FAIRBANKS (AP) -- You would think being in the snowmachine business would be a good gamble in Fairbanks, Alaska.
But this year the white stuff is scarce.
''We do the snow dance nightly,'' said John Haddad, co-owner of Polaris Outpost, a shop that sells Polaris snowmachines. Sales are not robust, he said.
Weather forecasters and snowmachine enthusiasts alike are scratching their hatless heads waiting for snow and cold.
''There isn't going to be any for quite some time, at least not this week,'' said Marvin Percha, National Weather Service meteorologist. Percha blames a warm southerly wind that dumps all its moisture in the form of rain south of the Alaska Range. There's not much left for the Interior, he said.
The lack of snow has prompted one snowmobile business to cajole on the radio, ''If you buy it, it will snow.''
The scant snow cover hasn't helped Polaris Outposts' repair shop either, Haddad said. But the snowmachine store shares retail space with the Harley Davidson Farthest North Outpost and since this is Harley's 100th anniversary, motorcycles are moving out of the store, Haddad said. He also has plenty of snowmachine and motorcycles accessories that make good Christmas gifts.
''We've got plenty to keep us busy,'' he said.
The sale slowdown makes it a good time to catch up on loose ends that tend to get ignored when it's busy, said Gabriele Larry, co-owner of the Alaska Fun Center.
''People are still coming in and looking,'' she said. ''As soon as it dumps, everybody is just going to go crazy. We're just waiting.''
Things are at a standstill at Sno-RV Snowmachine Rentals in Chatanika, said owner Sam Burger. The business offers snowmachine rentals and guided snowmachine tours.

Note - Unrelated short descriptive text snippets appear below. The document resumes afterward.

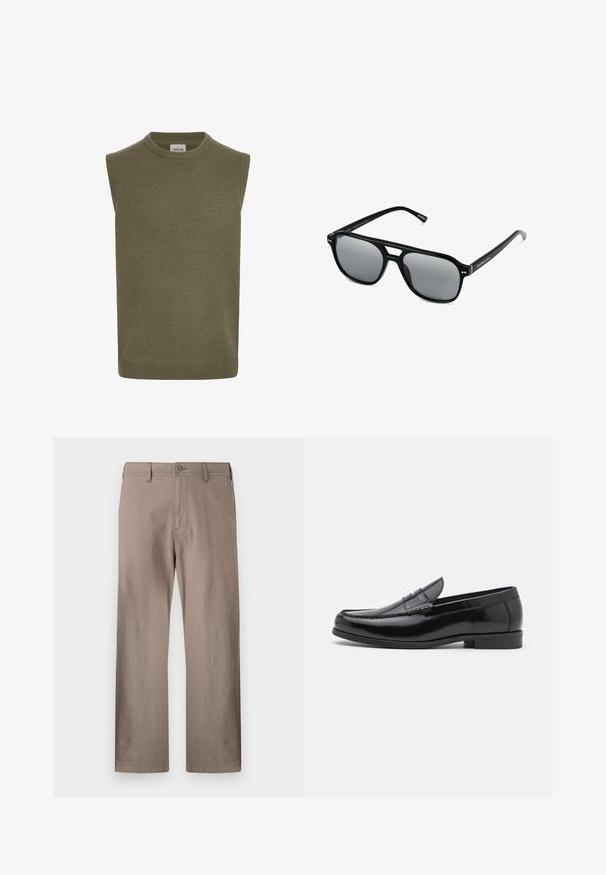 Maglioncino senza maniche in verde oliva, texture a costine, scollo rotondo, taglio dritto e dettaglio dell'orlo sottile. Etichetta del marchio visibile all'interno.; Pantaloni beige a gamba dritta realizzati in tessuto leggero con chiusura a bottone, dotati di tasche frontali e cuciture pulite.; Mocassini in pelle nera con punta arrotondata, cuciture decorative e tacco basso. Texture liscia con un leggero lucido. Design classico senza decorazioni.; Occhiali da sole neri con montatura rettangolare, lenti grigie oscurate e design con intaglio sul ponte. Materiale plastico lucido e slanciato, con tempie sottili.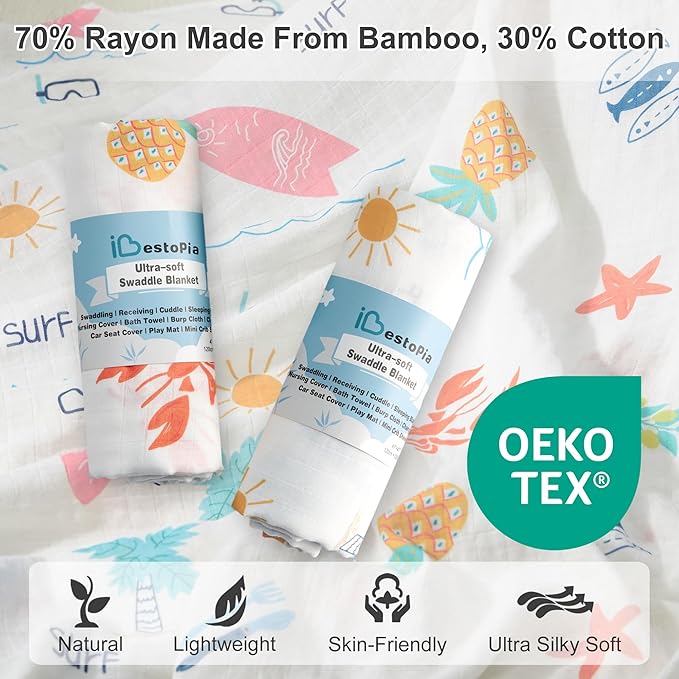 Muslin Swaddle Blankets for Newborn, 2-Pack Breathable Receiving Baby Blanket, Large 47 x 47 Inches Swaddling Wrap for Boys and Girls (Beach Fun)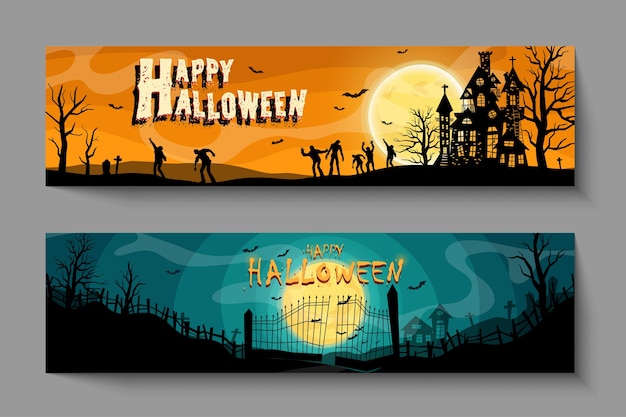 Vector set uitnodigingen voor Halloween-feest of wenskaarten met handgeschreven kalligrafie en traditionele symbolen.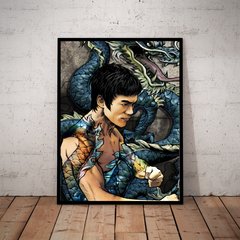 Quadro decorativo Kung fu arte vintage desenho Bruce Lee dragão 42x29cm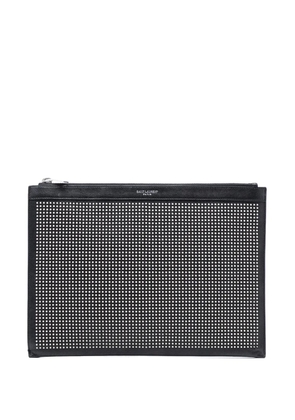 Saint Laurent Pre-Owned 2017 Studded Leather clutch bag - Black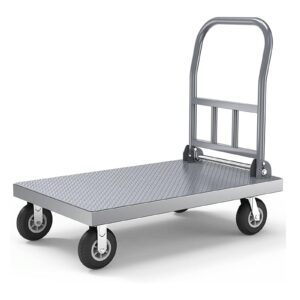 platform truck platform truck steel flat handtruck with wheels folding push cart load 500kg moving dolly cart 105 * 63 * 92cm flatbed cart reliable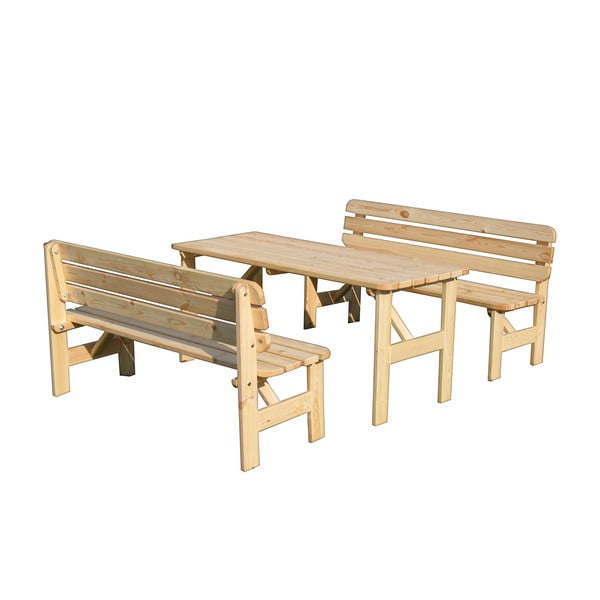 Bancă de grădină natural din lemn Viking – Rojaplast-image-1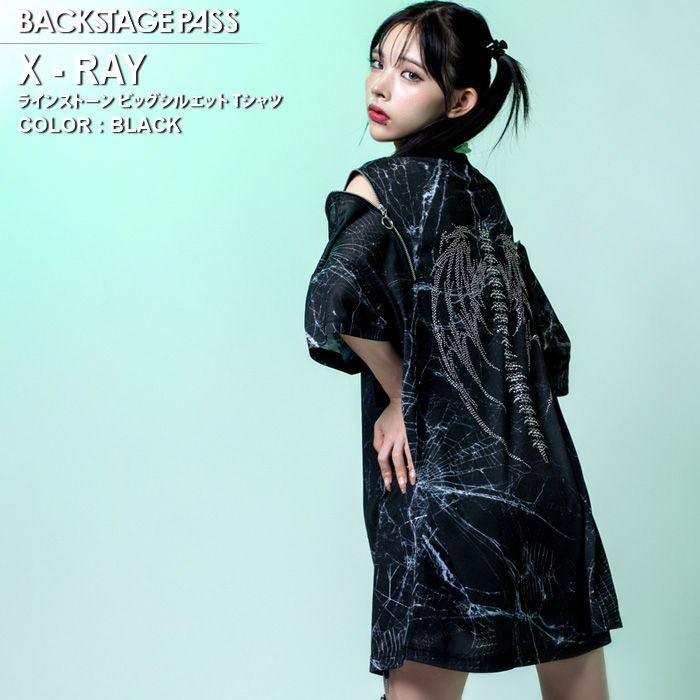 X-RAY(X-レイ) ラインストーン ビッグシルエット Tシャツ クルーネック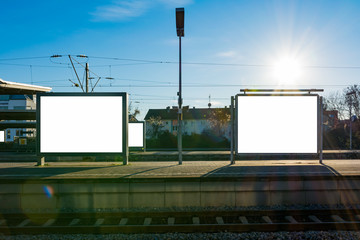 Train Station Billboard Blank White Isolated Clipping Path Outdo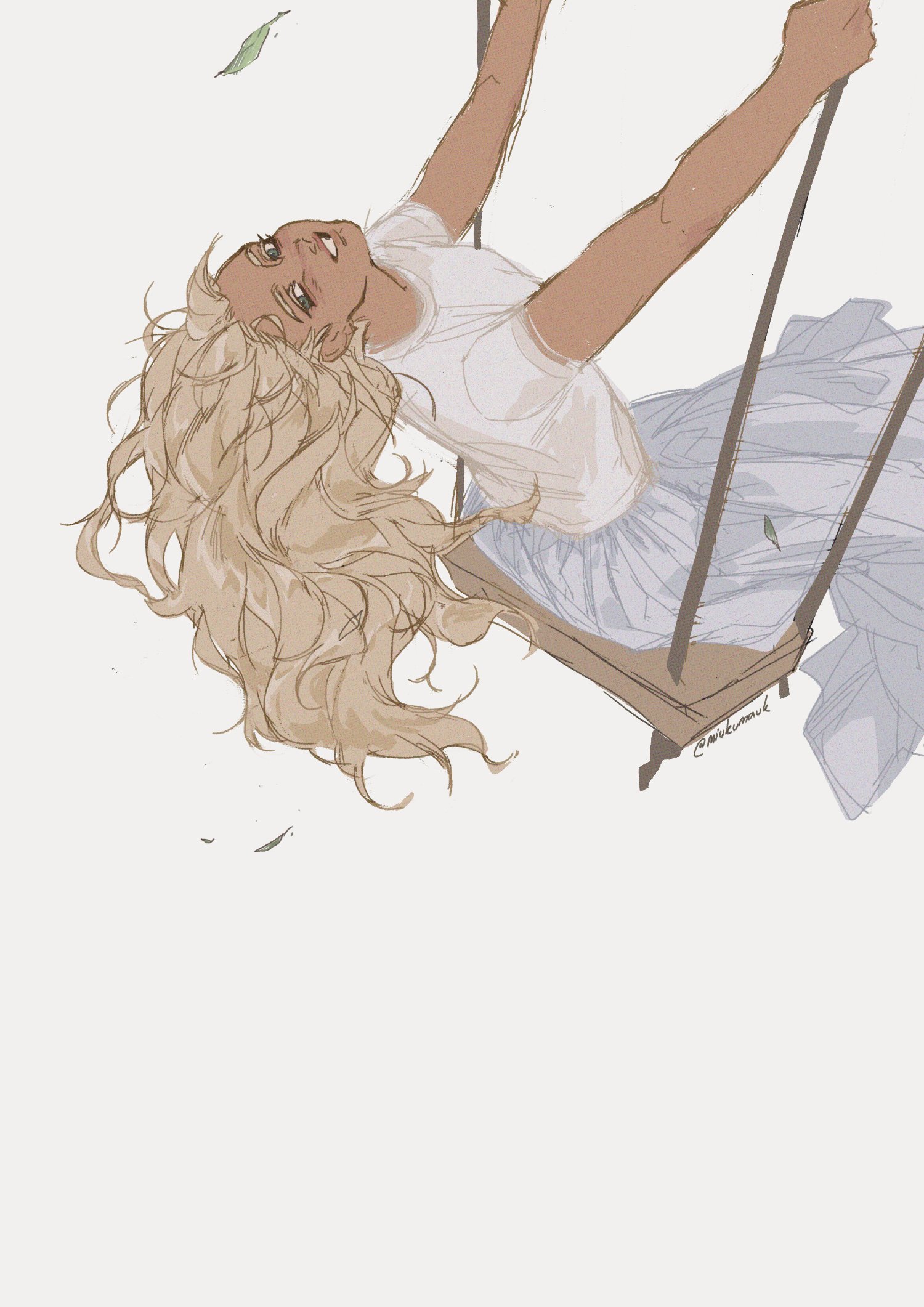 a digital illustration of a woman with long blonde hair sitting on a swing and smiling. she is wearing a white shirt and a light blue skirt. the colors are soft and dreamy, and the overall image is whimsical and cheerful.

''We just don't have enough to operate,'' he said. He has reservations on hold for the Thanksgiving weekend, but it looks like he'll have to call the people up and cancel, he said.
Without enough snow it looks as if the Fairbanks Snow Travelers will have to call off a planned trek from Chena Lakes Recreation Area to Chena Hot Springs scheduled for Dec. 7, said John Johnston, club president.
''It's too bad,'' he said. ''It looked like it would be a pretty nice ride.''
It's not all bad. The snow at Summit Lake, about 150 miles south of Fairbanks, is OK at the higher altitudes, he reported. ''Some of the hard-core boys are getting back up in there,'' he said.